I had no idea where I was going so I called Trevor. It was a bad neighborhood and besides being our chaplain, he was an ex-cop. There were good people on the street, but trouble lived nearby. At least Trevor knew where we were going. Or so I thought. Hospice patients only die at night, at least that’s how it seemed. It was my turn to go out and pronounce and no way was I going alone. Not to this neighborhood and not to a strange home. Trevor and I agreed to meet at a nearby intersection.
I followed closely behind his car. My first clue that Trevor didn’t know where we were going was how he kept slowing down. It was – literally – a dark and stormy night, and visibility was limited. Numbers were missing from most of the mailboxes so we couldn’t confirm the address and the houses were obscured by the trees and the darkness. We’d have to rely on Trevor’s memory.
We knew something was wrong as we approached the house. Where was everyone?
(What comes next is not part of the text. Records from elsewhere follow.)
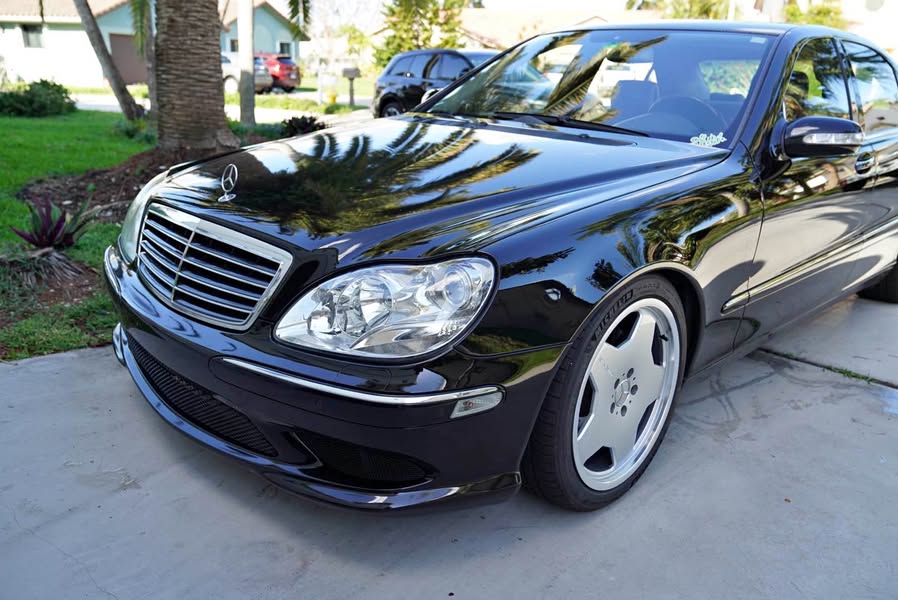 2005 Mercedes-Benz S-Class - S 500 Sedan 4D
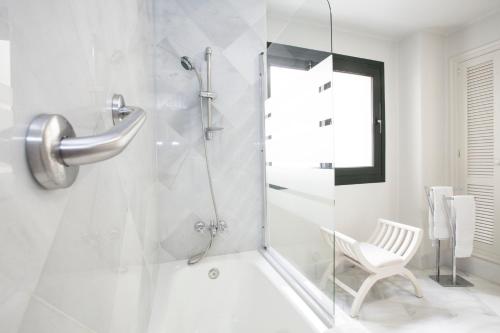 łazienka z prysznicem i szklanymi drzwiami w obiekcie GR Suites Boutique Picasso w Maladze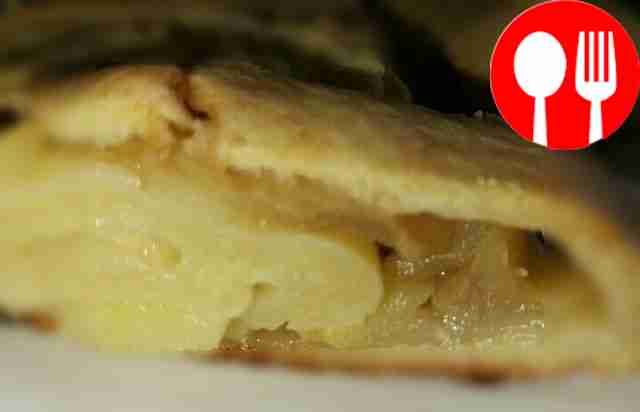 Яблочный рулет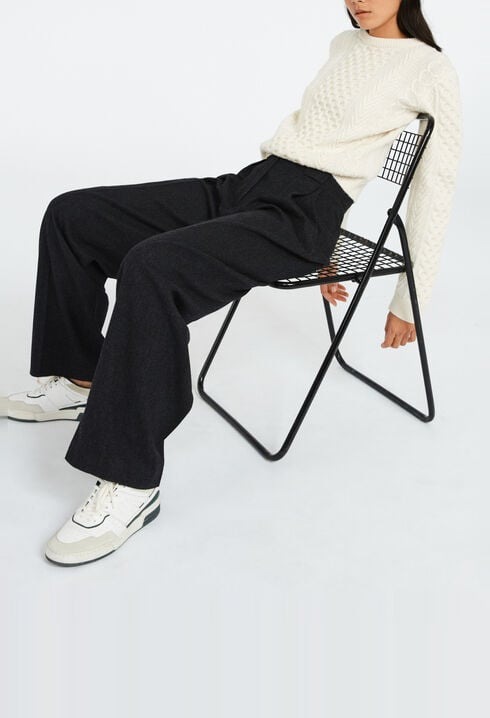 Wide tailored trousers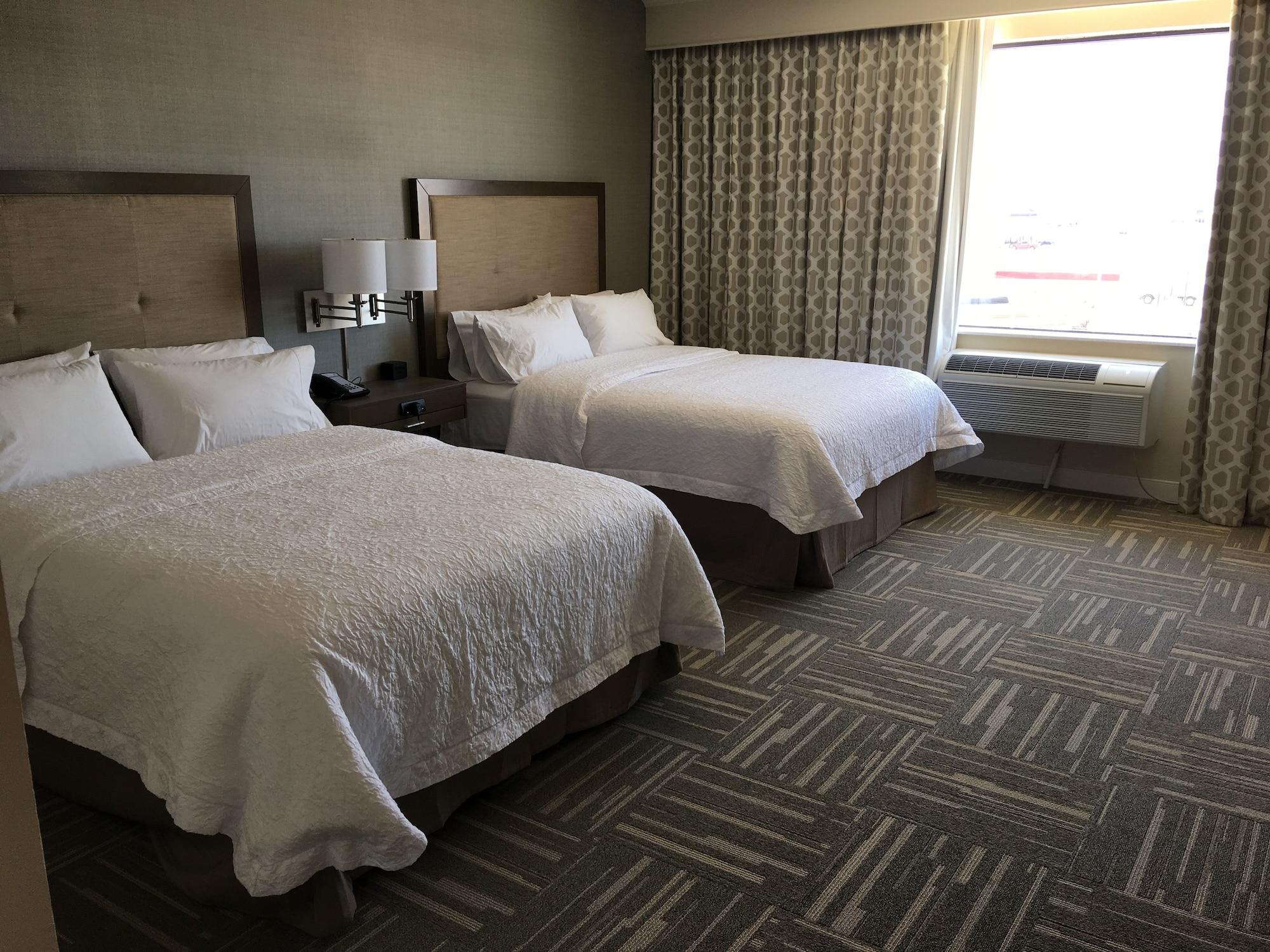 Hampton Inn Mcpherson Buitenkant foto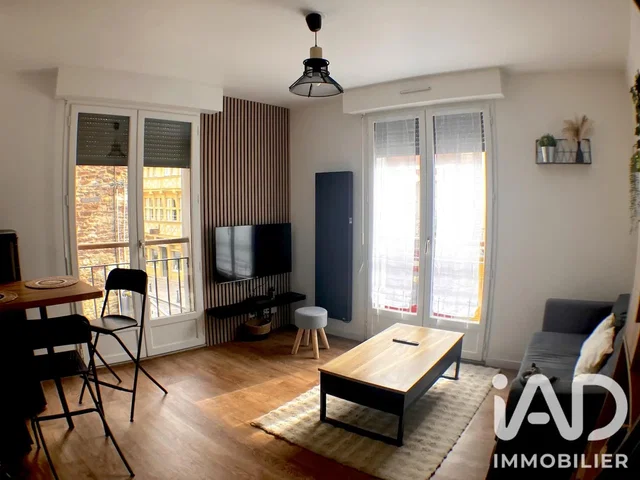 Wohnzimmer; holzboden, tageslicht, moderner stil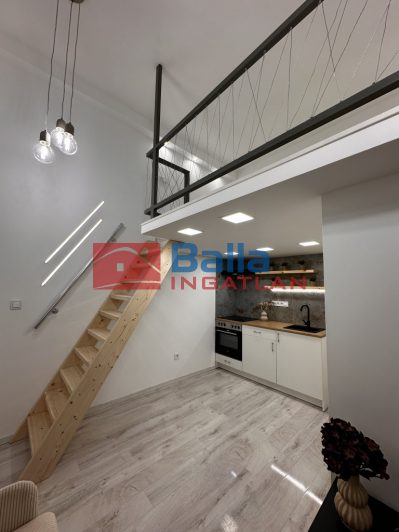 VII. Kerület (Középső-Erzsébetváros) - Keleti pu környékén:  26 m&sup2;-es társasházi lakás   (39'500'000 ,- Ft)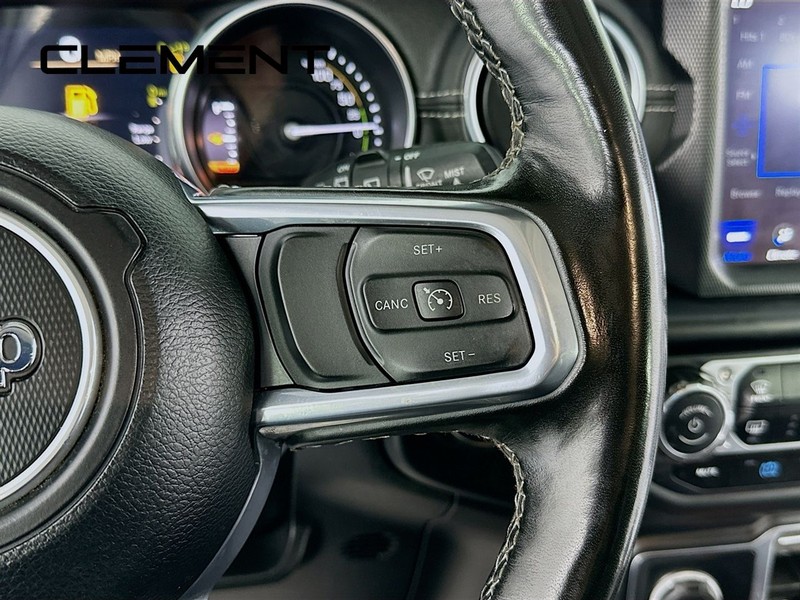 Jeep Wrangler 4xe Vehicle Full-screen Gallery Image 17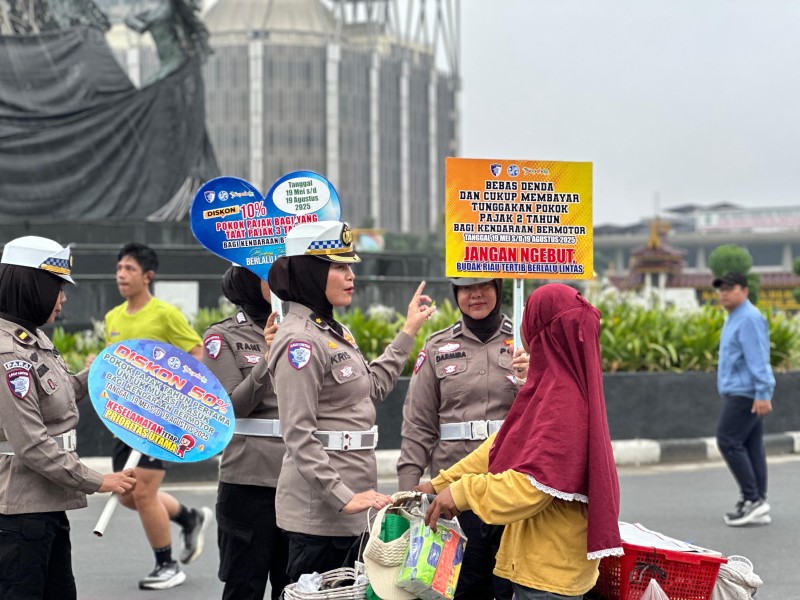 Peringati Hari Lahir Pancasila, Ditlantas Polda Riau Gelar Kampanye Keselamatan Berlalu Lintas di CFD Pekanbaru
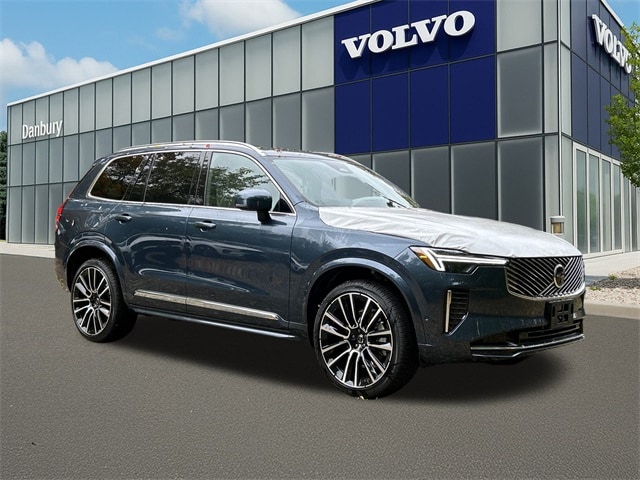 2026 Volvo XC90 Plus's photo
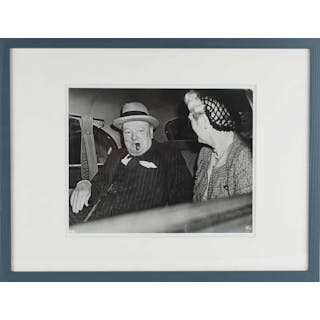Originalt s/h pressefotografi af Winston Churchill og frue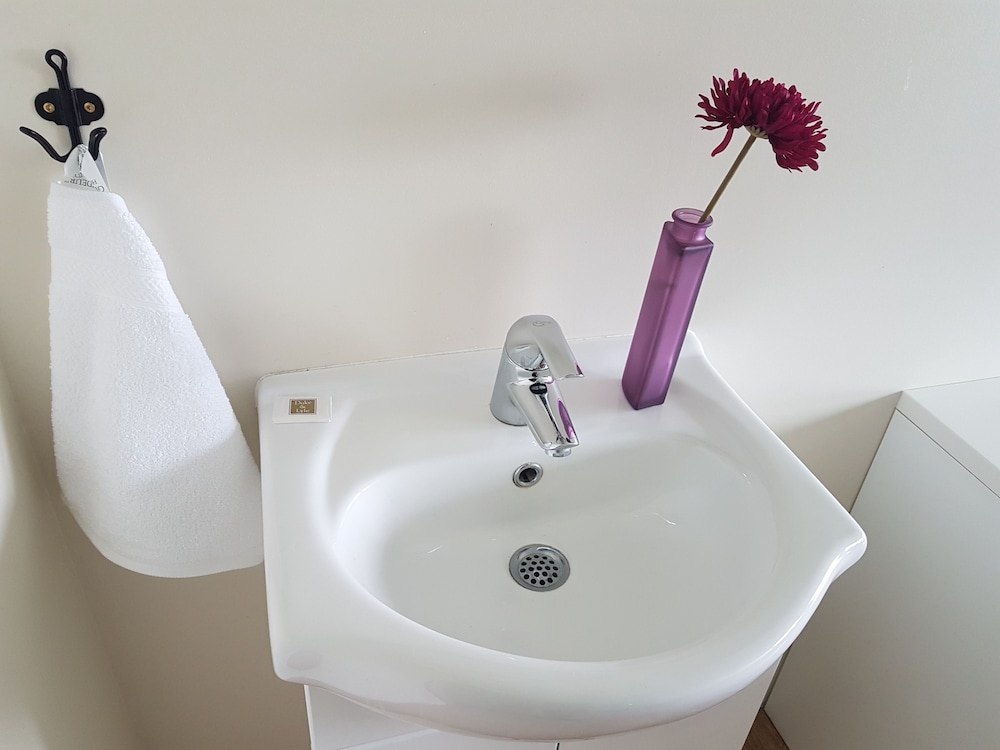 Twin Room, Shared Bathroom photo 2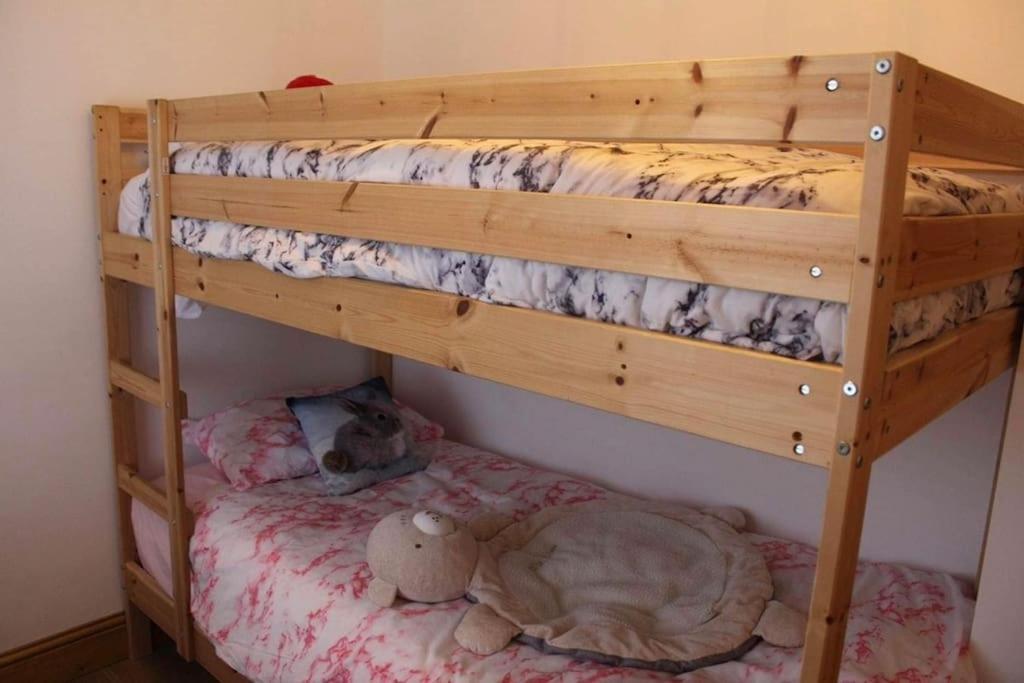 3 Bedroom Terrace Holiday Home Грейт-Торрингтон Экстерьер фото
You would like to think there would be some cars there, since a beloved father, grandfather, brother, and friend was dying. What was going on? Where was everyone? Apprehensively, Trevor rang the doorbell. We waited. I rang it again. Finally, we heard movement when the door flew open. “I WON! I WON!” she screamed. We looked at each other, totally confused, and the lady abruptly stopped. “You’re not the Prize Patrol.”
Sometimes you just have to find the sense of humor.